Сын присяжного поверенного, Юрий проводил лето в деревне. Но примкнул по своим интересам не к братьям, выбравшим агрономию и химию, а скорее к сестрам, которые стали художницами. С детства его мир был наполнен и запахами красок, и звуками музыки, и спорами о новых романах, и стихами, стихами, стихами. Француженки и немки выписывались на дом, к детям приходили свои учителя музыки и рисования, а мать без всяких учебников преподавала сыновьям и дочерям не только совесть, но и культуру поведения, чему неплохо было бы учить и в нынешних российских школах. Ведь так вырастали настоящие интеллигенты.

В Смоленской классической гимназии Юрий, по его словам, учился очень плохо и дополз только до пятого класса, но и там кое-чему выучился. И когда его перевели в Петербург, он вовсе не выглядел в столице провинциалом – не подвело ни либеральное домашнее образование, ни архаичная провинциальная гимназия.
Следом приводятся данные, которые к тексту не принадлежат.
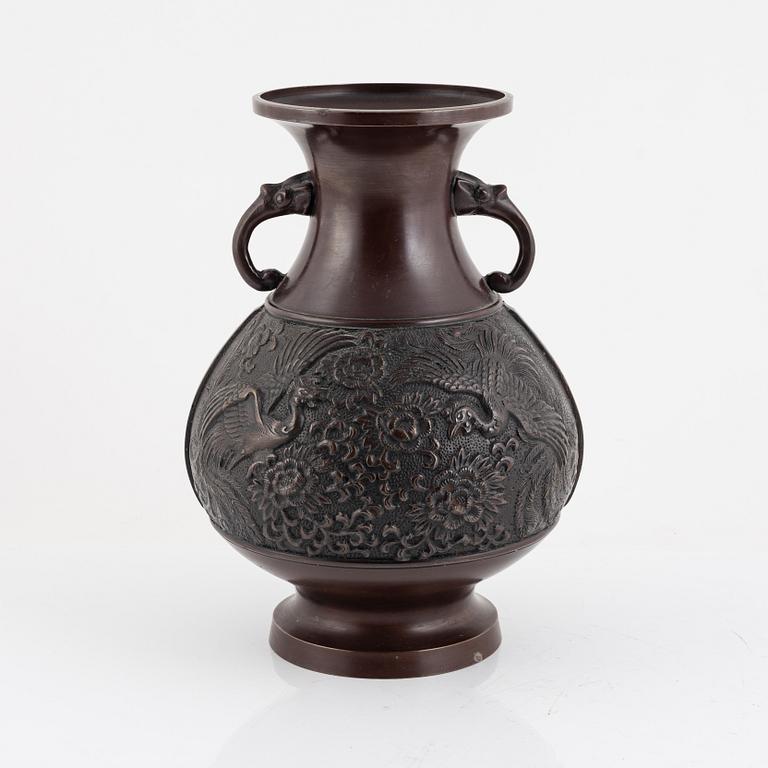 Vas, brons, signerad, Japan, 1900-tal.
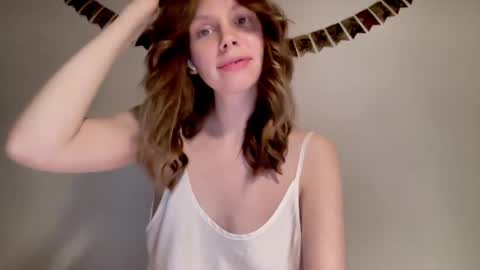 Nikki online show from December 27, 2024, 1:18 pm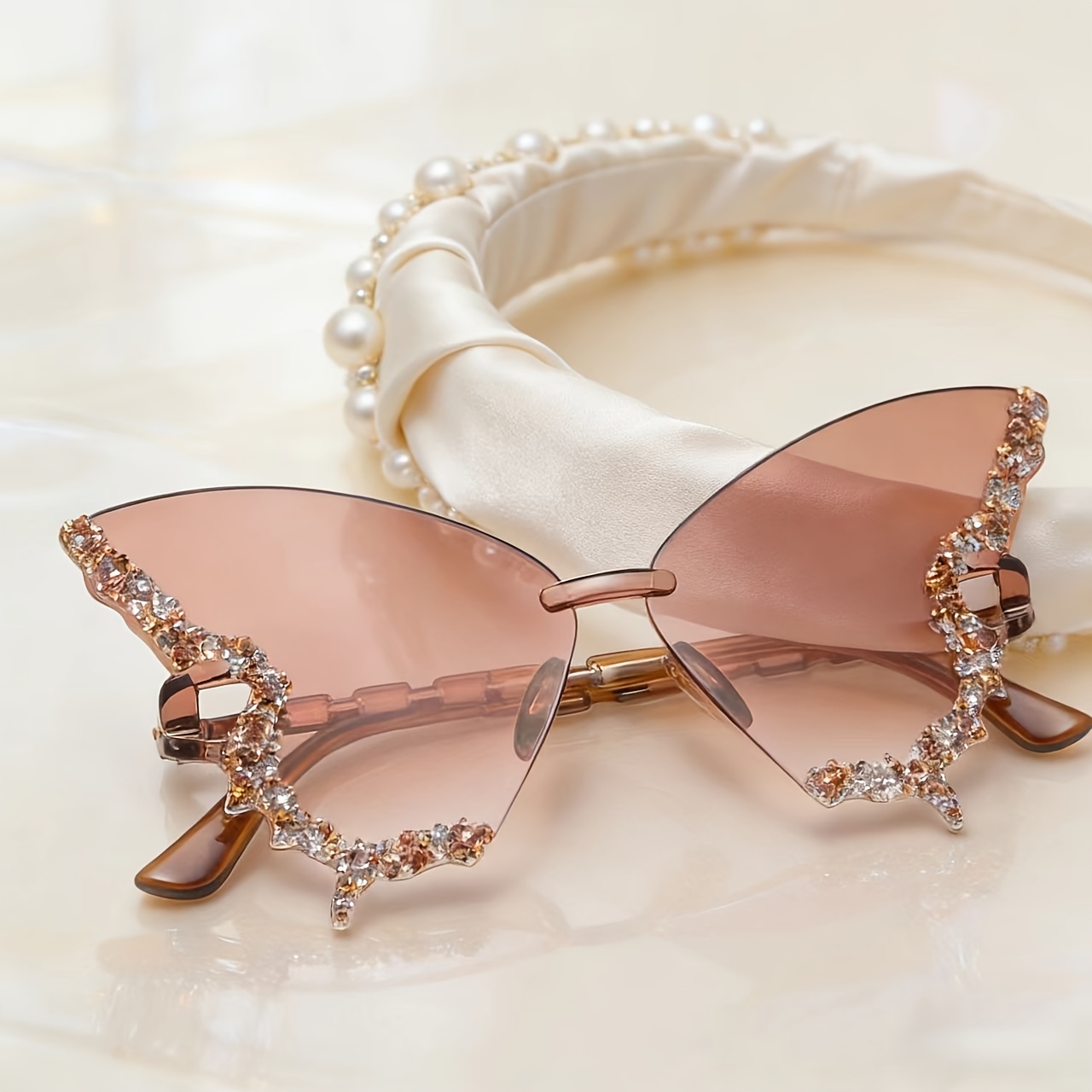 Butterfly glasses, crystal inl - Vintage Fashion Accessories 评论和价格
В Петербургском университете Юрий успел поучиться у академика А.Н. Веселовского, в частности прослушал его курс о Петрарке. Веселовский работал тогда над книгой о Петрарке, где рассматривал его поэзию как «автобиографию сердца», желающего сохранить в потомстве черты личности в ее идеальной цельности. И в эту классическую работу великий ученый включил один из переведенных Верховским сонетов Петрарки. А после смерти Веселовского Верховскому вместе с еще одним учеником покойного, Д.К. Петровым, поручили разобрать и систематизировать рукописи учителя.

Вскоре Верховского приняли как своего соперничавшие друг с другом поэты. Он обезоруживал бескорыстной преданностью поэзии даже не слишком ценивших его талант коллег. Притягивал его трогательно мягкий характер, редкостный в озверело жесточающем веке.

В письме от 25 февраля 1913 г. Александр Блок с такой бережностью высказался о стихах Верховского, что позавидовать можно: «Странные происходят вещи: сначала они мне не понравились, потом бессознательно запомнились наизусть, о чем я догадался только тогда, когда стал их припоминать, не держа в руках текста. Удивительно верный чертеж – и слабый нажим пера. Вы не сердитесь, я ведь не критикую (всё меньше выношу «критику»), а только дружественно и сочувственно думаю вслух».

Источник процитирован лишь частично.